Samuin juga mengungkapkan jika dirinya ancang-ancang menaikkan harga dagangannya. "Kalau ini pindah ke dalam bisa- bisa harga jual juga akan dinaikan mas, guna menutup harga sewa yang cukup mahal. Kalau dinaikan takutnya juga para langganan yang beli dikita merasakan kecewa," terangnya.

 

Satpol PP

Setelah para pedagang berkemas dan memindahkan seluruh barang dagangannya, Satpol PP Kota Surabaya bersama jajaran BPBD Surabaya, TNI/Polri membantu melakukan pemindahan. Para petugas saling bergotong royong bersama para pedagang, memindahkan barang dagangan hingga peralatan seperti, etalase dan rak ke dalam truk yang disediakan.

Kepala Satpol PP Kota Surabaya Eddy Christijanto mengatakan, setelah seluruh barang dagangan dipindahkan, TPS akan segera dilakukan pembongkaran. Bahkan, ia juga memastikan sudah mengerahkan 6 unit alat berat (backhoe) dan 20 unit truk pengangkut barang.

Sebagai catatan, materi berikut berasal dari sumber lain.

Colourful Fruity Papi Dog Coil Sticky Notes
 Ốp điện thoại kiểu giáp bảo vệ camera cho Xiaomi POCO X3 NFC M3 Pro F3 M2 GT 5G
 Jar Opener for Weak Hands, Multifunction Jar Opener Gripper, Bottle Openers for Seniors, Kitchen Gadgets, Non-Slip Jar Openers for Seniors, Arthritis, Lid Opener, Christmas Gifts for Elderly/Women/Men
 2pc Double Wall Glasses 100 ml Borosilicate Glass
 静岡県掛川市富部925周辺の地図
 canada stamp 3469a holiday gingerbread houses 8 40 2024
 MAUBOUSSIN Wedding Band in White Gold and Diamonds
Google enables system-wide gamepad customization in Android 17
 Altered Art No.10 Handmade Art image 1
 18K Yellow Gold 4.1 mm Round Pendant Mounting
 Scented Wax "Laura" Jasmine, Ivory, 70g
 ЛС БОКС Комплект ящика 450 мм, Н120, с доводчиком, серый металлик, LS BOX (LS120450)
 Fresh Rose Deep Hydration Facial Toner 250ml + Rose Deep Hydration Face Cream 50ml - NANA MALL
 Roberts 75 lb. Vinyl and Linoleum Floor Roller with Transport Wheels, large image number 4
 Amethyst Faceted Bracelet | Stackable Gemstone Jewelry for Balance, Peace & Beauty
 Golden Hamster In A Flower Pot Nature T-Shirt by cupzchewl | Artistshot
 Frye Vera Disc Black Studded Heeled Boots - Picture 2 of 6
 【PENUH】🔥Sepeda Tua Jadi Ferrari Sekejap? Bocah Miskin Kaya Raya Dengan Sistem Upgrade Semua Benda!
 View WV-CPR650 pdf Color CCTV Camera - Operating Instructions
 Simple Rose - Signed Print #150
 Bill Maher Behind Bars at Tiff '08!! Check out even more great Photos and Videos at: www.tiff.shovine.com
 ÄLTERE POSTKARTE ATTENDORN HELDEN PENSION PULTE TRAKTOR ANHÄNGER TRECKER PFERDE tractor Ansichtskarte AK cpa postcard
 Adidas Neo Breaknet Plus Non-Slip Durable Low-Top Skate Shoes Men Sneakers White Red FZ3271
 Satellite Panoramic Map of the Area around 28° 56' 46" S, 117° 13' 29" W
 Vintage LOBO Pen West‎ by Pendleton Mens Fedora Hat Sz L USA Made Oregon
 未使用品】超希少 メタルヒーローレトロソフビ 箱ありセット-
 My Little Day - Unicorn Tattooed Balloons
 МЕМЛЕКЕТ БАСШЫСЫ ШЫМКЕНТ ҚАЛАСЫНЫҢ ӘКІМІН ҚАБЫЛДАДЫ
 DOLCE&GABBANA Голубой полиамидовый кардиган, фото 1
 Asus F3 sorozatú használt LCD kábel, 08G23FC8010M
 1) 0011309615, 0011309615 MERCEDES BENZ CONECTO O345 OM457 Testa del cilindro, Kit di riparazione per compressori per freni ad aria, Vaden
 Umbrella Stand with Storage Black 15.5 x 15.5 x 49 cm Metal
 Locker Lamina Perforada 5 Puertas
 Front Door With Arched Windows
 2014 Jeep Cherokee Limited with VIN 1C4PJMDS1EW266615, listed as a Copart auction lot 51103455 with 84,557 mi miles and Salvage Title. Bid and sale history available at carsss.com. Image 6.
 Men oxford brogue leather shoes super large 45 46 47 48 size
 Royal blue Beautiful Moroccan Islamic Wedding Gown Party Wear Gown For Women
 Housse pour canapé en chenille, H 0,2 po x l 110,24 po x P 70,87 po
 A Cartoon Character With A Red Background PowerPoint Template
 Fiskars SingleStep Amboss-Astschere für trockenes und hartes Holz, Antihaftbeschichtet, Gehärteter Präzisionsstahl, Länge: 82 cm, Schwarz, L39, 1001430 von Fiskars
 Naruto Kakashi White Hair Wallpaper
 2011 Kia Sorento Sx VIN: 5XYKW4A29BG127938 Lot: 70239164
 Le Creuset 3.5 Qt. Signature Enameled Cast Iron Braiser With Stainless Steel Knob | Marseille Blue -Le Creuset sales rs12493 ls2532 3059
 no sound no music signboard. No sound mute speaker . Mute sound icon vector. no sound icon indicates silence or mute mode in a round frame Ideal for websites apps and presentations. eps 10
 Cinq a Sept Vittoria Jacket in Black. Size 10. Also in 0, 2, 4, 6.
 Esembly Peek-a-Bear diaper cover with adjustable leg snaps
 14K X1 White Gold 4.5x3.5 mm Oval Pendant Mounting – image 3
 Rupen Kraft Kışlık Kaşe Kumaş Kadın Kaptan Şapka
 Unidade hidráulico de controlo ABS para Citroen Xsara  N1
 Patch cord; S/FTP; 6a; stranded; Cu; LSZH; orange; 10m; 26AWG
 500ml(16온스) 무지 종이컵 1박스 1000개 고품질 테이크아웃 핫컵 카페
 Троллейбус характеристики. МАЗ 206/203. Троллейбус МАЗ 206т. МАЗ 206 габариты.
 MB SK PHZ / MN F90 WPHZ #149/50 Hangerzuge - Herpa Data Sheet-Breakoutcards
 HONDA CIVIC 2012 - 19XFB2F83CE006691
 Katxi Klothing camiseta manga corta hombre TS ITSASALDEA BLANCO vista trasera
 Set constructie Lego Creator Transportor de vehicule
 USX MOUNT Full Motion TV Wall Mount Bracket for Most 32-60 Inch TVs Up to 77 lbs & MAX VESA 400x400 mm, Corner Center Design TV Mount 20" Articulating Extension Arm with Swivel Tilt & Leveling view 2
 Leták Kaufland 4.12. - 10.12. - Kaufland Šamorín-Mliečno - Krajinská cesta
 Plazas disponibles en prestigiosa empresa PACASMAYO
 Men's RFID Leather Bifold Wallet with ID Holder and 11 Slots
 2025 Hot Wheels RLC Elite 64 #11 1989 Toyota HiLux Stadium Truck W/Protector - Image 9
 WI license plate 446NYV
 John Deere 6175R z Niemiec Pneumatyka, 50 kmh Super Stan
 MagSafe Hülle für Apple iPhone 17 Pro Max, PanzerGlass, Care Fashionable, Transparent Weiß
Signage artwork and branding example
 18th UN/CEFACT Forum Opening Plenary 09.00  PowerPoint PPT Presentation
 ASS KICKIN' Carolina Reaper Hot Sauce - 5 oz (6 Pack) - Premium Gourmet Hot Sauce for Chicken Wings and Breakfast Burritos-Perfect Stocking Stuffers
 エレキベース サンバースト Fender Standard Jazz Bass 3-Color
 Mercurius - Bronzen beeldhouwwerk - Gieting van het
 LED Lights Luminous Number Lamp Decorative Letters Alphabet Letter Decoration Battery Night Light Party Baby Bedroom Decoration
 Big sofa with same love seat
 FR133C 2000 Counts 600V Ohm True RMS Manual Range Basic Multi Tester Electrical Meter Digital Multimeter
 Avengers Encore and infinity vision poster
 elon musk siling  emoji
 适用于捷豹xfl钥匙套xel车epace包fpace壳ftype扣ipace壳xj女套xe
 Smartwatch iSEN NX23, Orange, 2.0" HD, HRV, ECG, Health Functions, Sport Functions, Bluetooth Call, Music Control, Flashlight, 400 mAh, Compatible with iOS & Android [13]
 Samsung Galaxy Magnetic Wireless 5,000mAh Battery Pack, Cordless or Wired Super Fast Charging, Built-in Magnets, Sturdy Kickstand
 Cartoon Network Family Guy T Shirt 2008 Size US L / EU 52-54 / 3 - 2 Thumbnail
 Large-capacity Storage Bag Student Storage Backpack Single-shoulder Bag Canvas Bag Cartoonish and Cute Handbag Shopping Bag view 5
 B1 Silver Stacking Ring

"Truknya nanti setelah digunakan untuk mengangkut barang pedagang, kemudian digunakan untuk mengangkut material sisa pembongkaran. Harapannya, bisa selesai semua hari ini, kecuali pilarnya, karena butuh waktu," kata Eddy.

Eddy menjelaskan, target pembongkaran TPS Pasar Turi bisa selesai dalam seminggu ke depan, karena ada beberapa material permanen yang sulit dirobohkan. "Pasukan gabungan kami ada 1.400, terdiri dari Satpol PP, BPBD, Kepolisian dan TNI," ujar Eddy.